Work to be completed: Leave the images aside and copy out the whole listing, exact to the word.

Dataset extract:
□ □ □ □ □

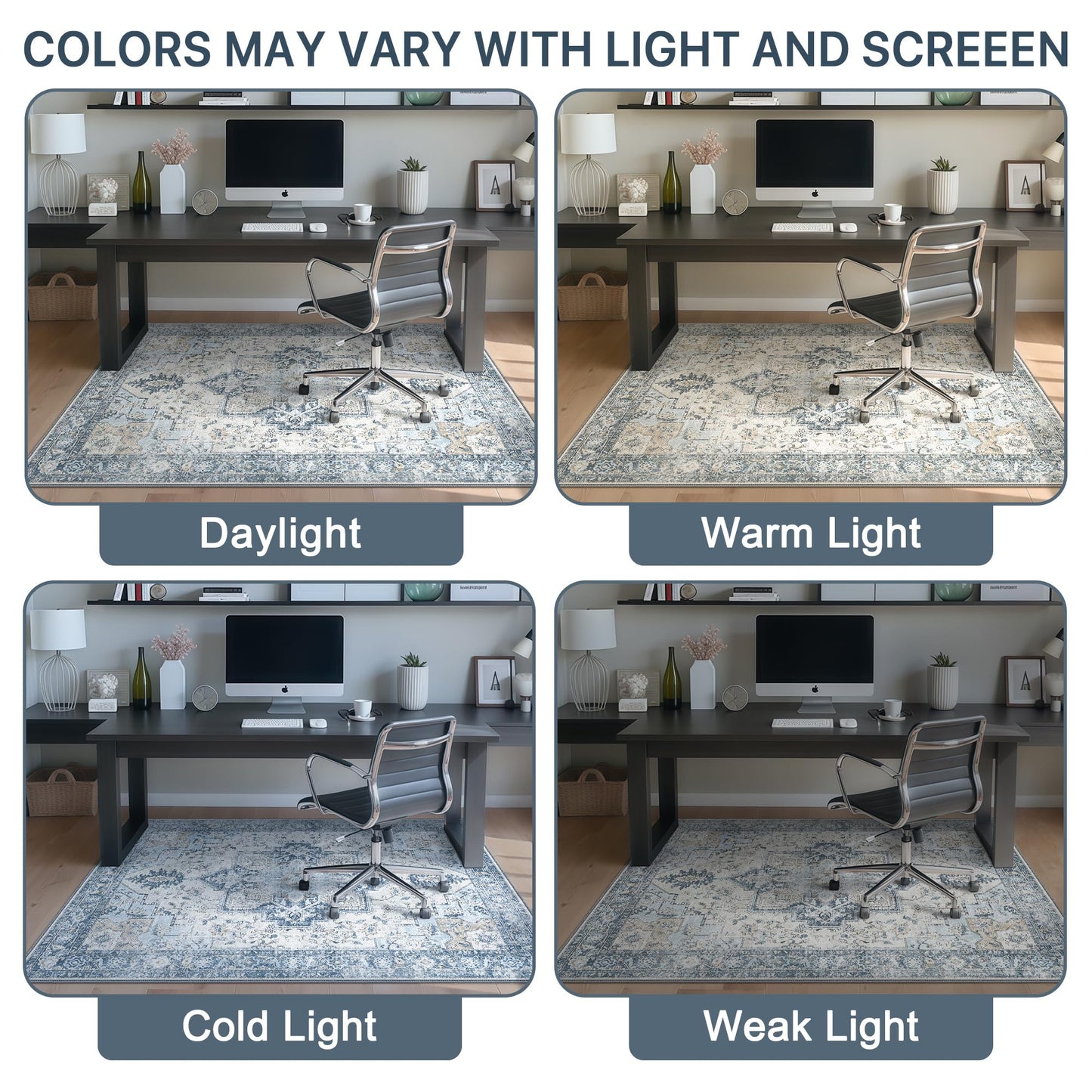 36"x48" Office Chair Mat for Hardwood Tile Floor, Under Desk Carpet Protector for Rolling Computer Chair Mat, Machine Washable Area Rug, Anti-Slip 1/5" Thick Low Pile Thin Vinyl Floor Mat, Blue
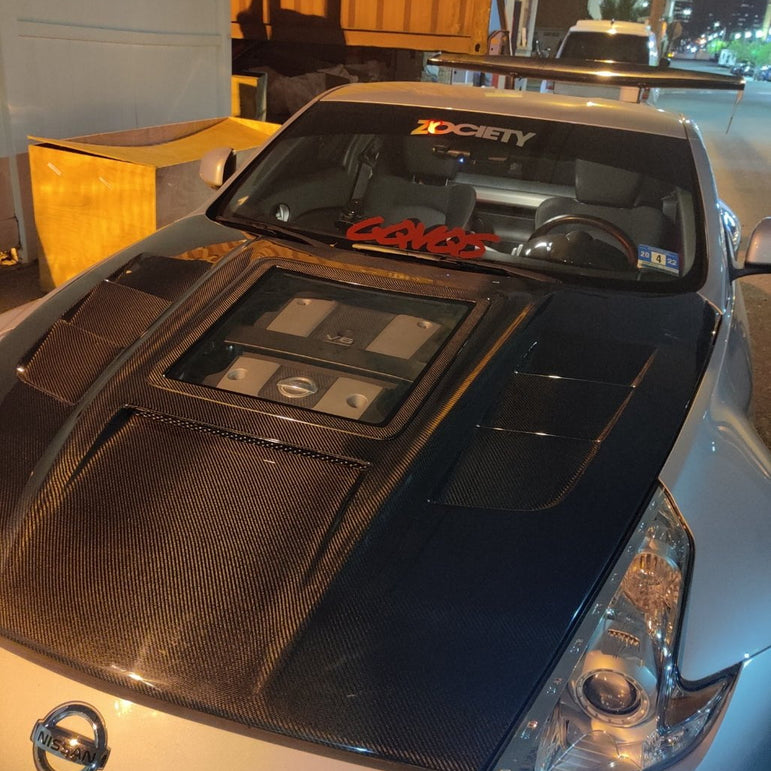 CMST Tuning Carbon Fiber Hood with Tempered Glass for Nissan 370Z Z34 Fairlady Z - Robot Bodykits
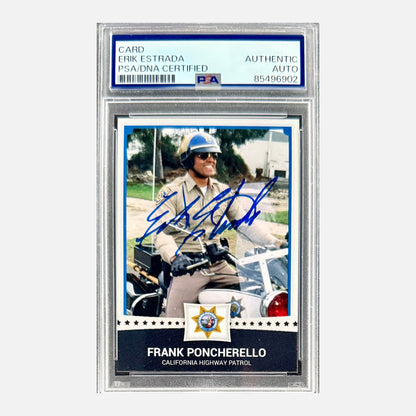 Erik Estrada Signed “CHiPs” California Highway Patrol Card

□ □ □ □ □

Answer section:
 36"x48" Office Chair Mat for Hardwood Tile Floor, Under Desk Carpet Protector for Rolling Computer Chair Mat, Machine Washable Area Rug, Anti-Slip 1/5" Thick Low Pile Thin Vinyl Floor Mat, Blue
 CMST Tuning Carbon Fiber Hood with Tempered Glass for Nissan 370Z Z34 Fairlady Z - Robot Bodykits
 Erik Estrada Signed “CHiPs” California Highway Patrol Card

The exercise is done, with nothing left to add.